[Items listed in a dataset]
"""

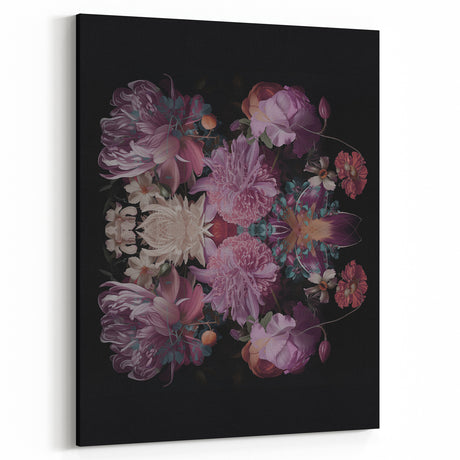 Electric Wall Art | Dark Floral Electric Canvas for Modern Interiors
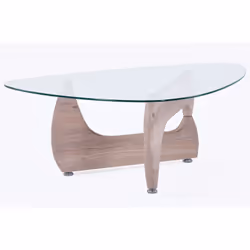 Description générale Cette table basse allie élégance et modernité, avec un plateau en verre transparent trempé et des pieds  ...
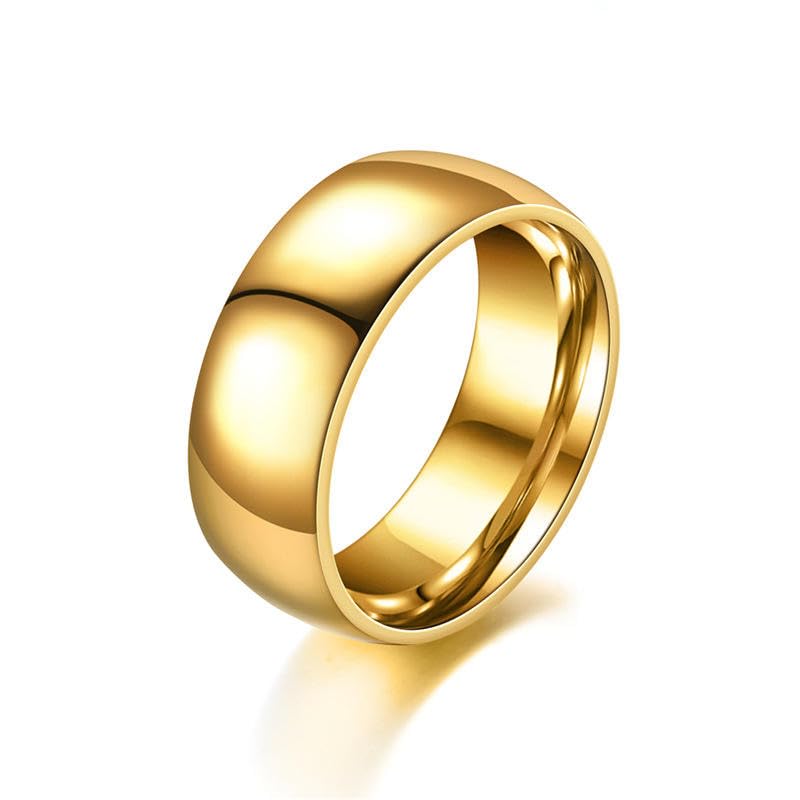 Image of 18K Gold Plated Tungsten Men's Classic Band Ring for Mens | Everyday Wear Rings for Mens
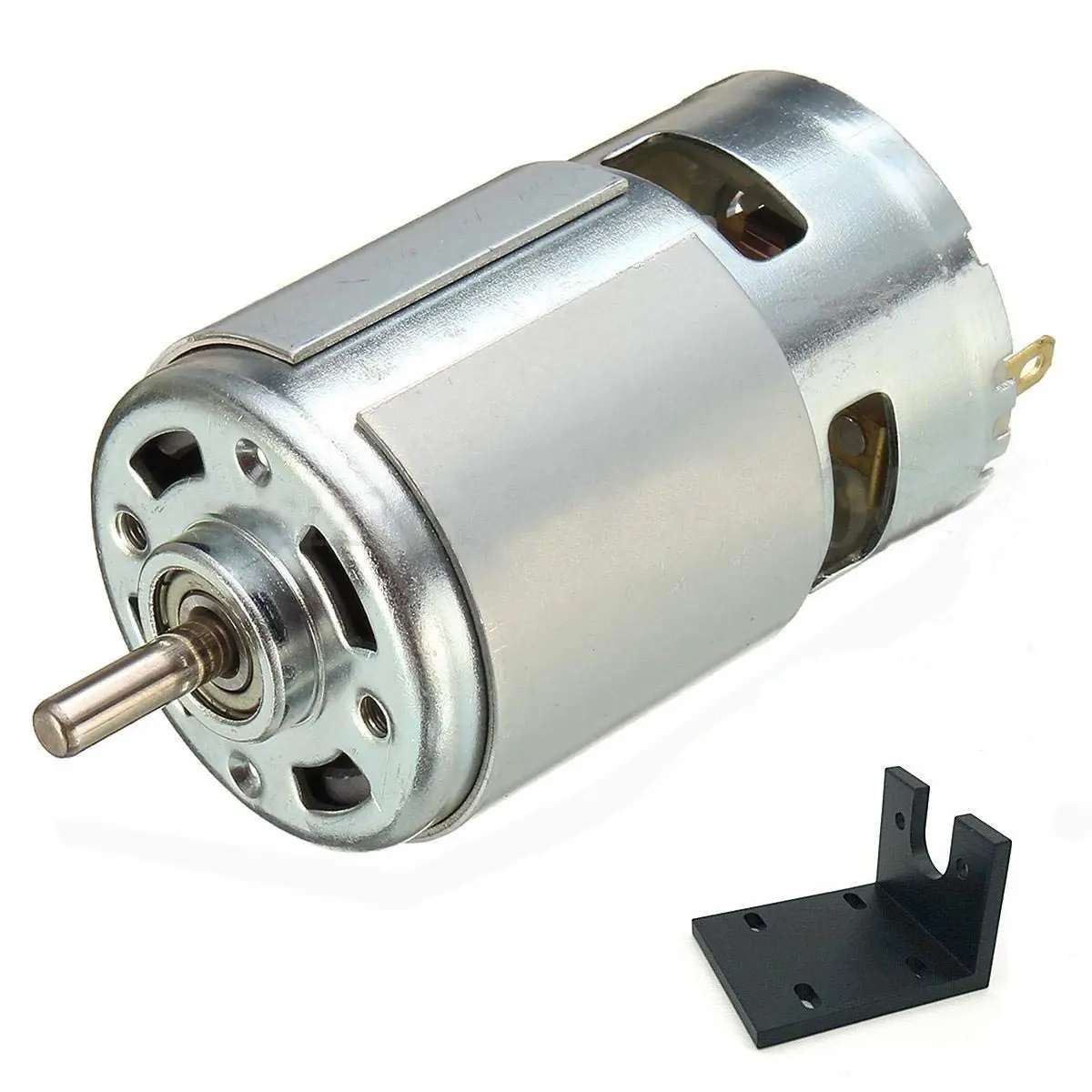 775 Motor 12V-36V 24V 3500-9000 RPM 775 Motor Ball Bearing High Torque High Power Low Noise DC Motor for Power Tools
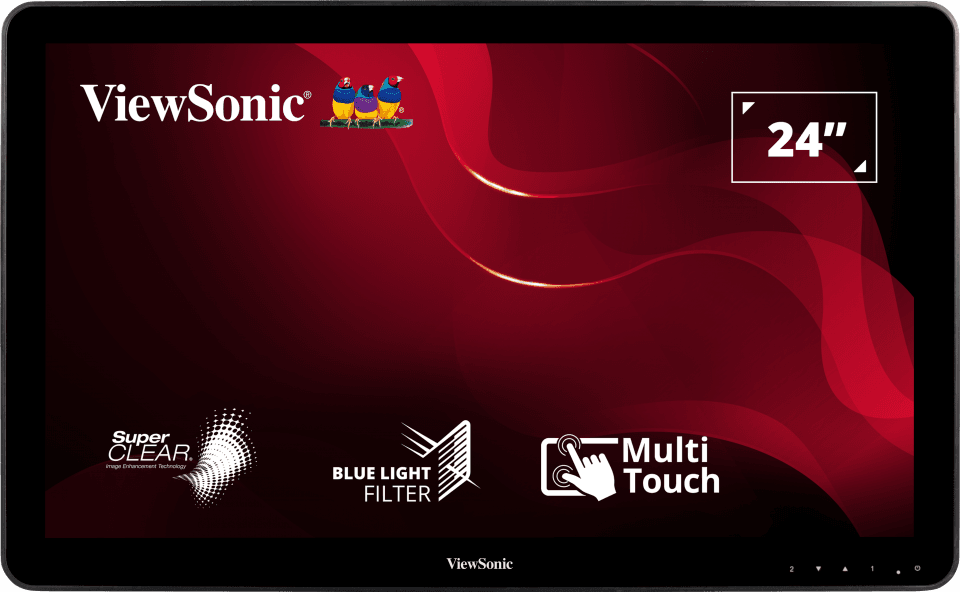 Monitor Consumer ViewSonic TD2430, 24", 1920 x 1080 pixeli, Touchscreen, Black, 3 ani Garantie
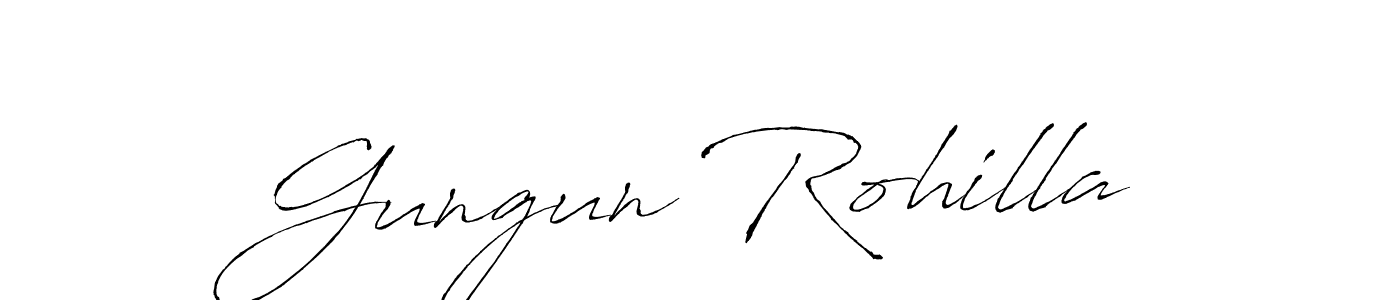 You should practise on your own different ways (Antro_Vectra) to write your name (Gungun Rohilla) in signature. don't let someone else do it for you. Gungun Rohilla signature style 6 images and pictures png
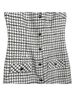 Amanda Uprichard 100% Polyester 95% Polyester 5% Elastane Checkered-gingham Black White Cocktail Dress Size XS - photo 4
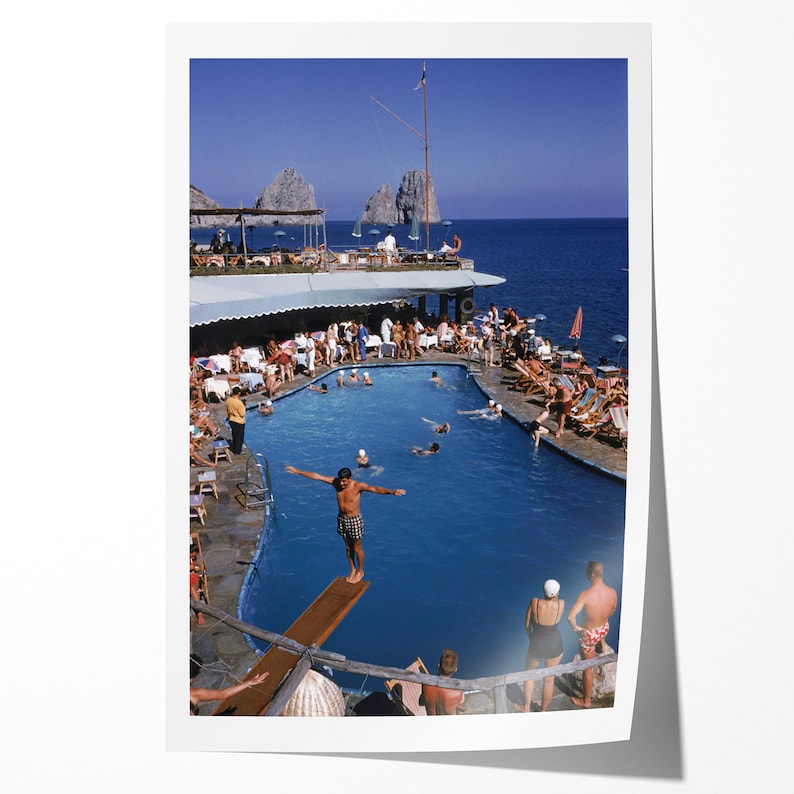 Bermuda BoatingSlim AaronsVintage Wall art Bermuda BoatingSlim AaronsVintage Wall art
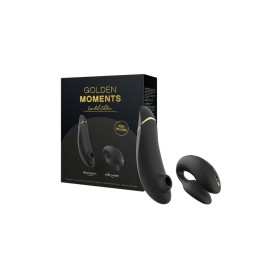 Massageador para Casais Womanizer Dourado Preto de Womanizer, Vibradores de casal - Ref: M0402776, Preço: 204,49 €, Desconto: %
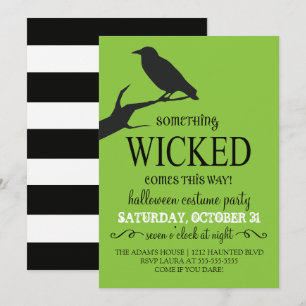 Etwas Wackeliges Halloween-Party Einladung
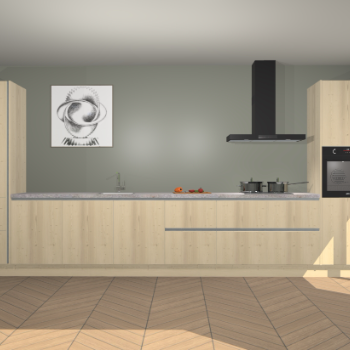 Vuren greeploze keuken Barentsburg 91957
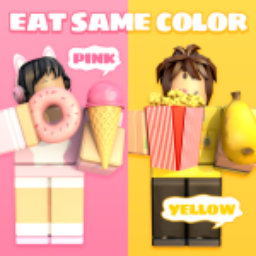 Eat Same Color Food Roblox Discord Server Logo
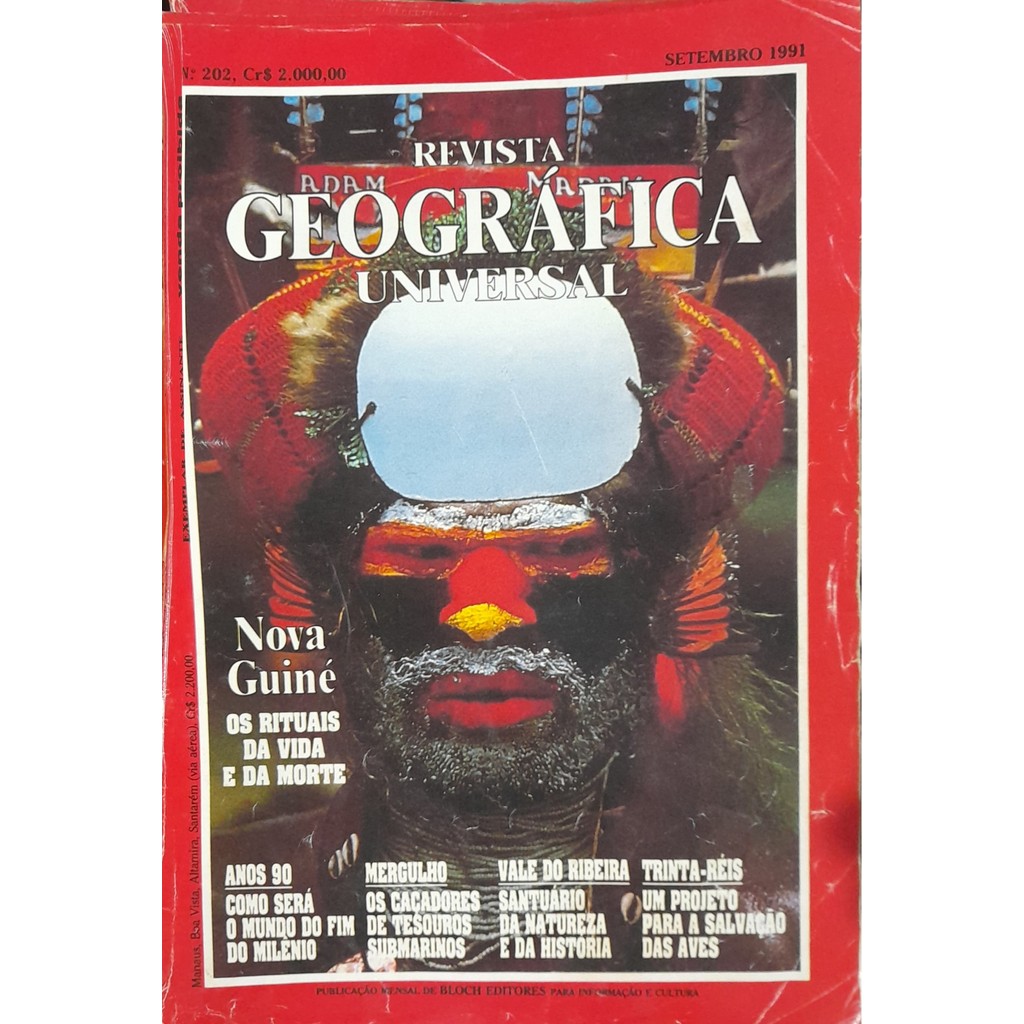 Revista Geográfica Universal nº 202 Setembro 1991 de Bloch 7999410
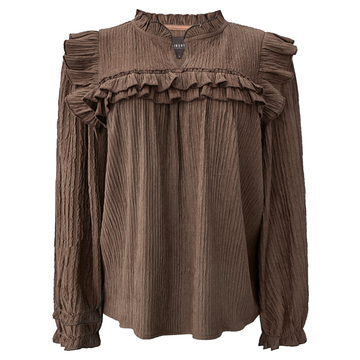Liberté - Anni LS Frill Blouse, 22348 - Brown Mocca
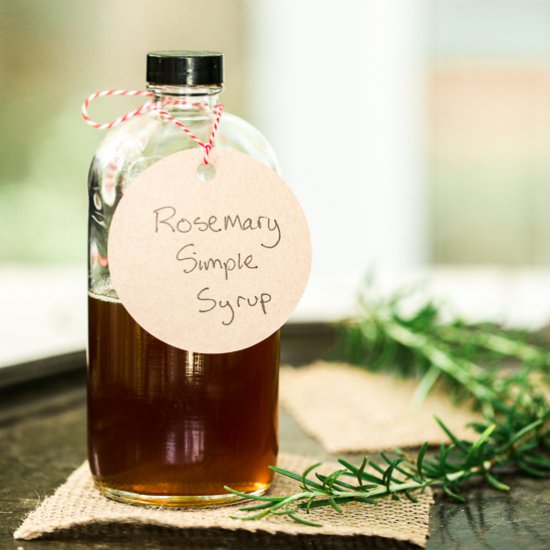 Rosemary Simple Syrup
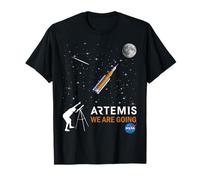 NASA Artemis SLS We Are Going to the Moon Insignia Logo T-Shirt
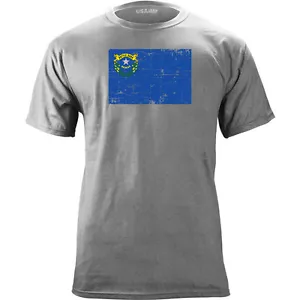 Nevada State Flag Distressed T-Shirt - Picture 1 of 2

"""

Transcribe exactly, and only, the lines from the one with "NASA Artemis SLS" through the final line of the data above. The pictures stay out.

 NASA Artemis SLS We Are Going to the Moon Insignia Logo T-Shirt
 Nevada State Flag Distressed T-Shirt - Picture 1 of 2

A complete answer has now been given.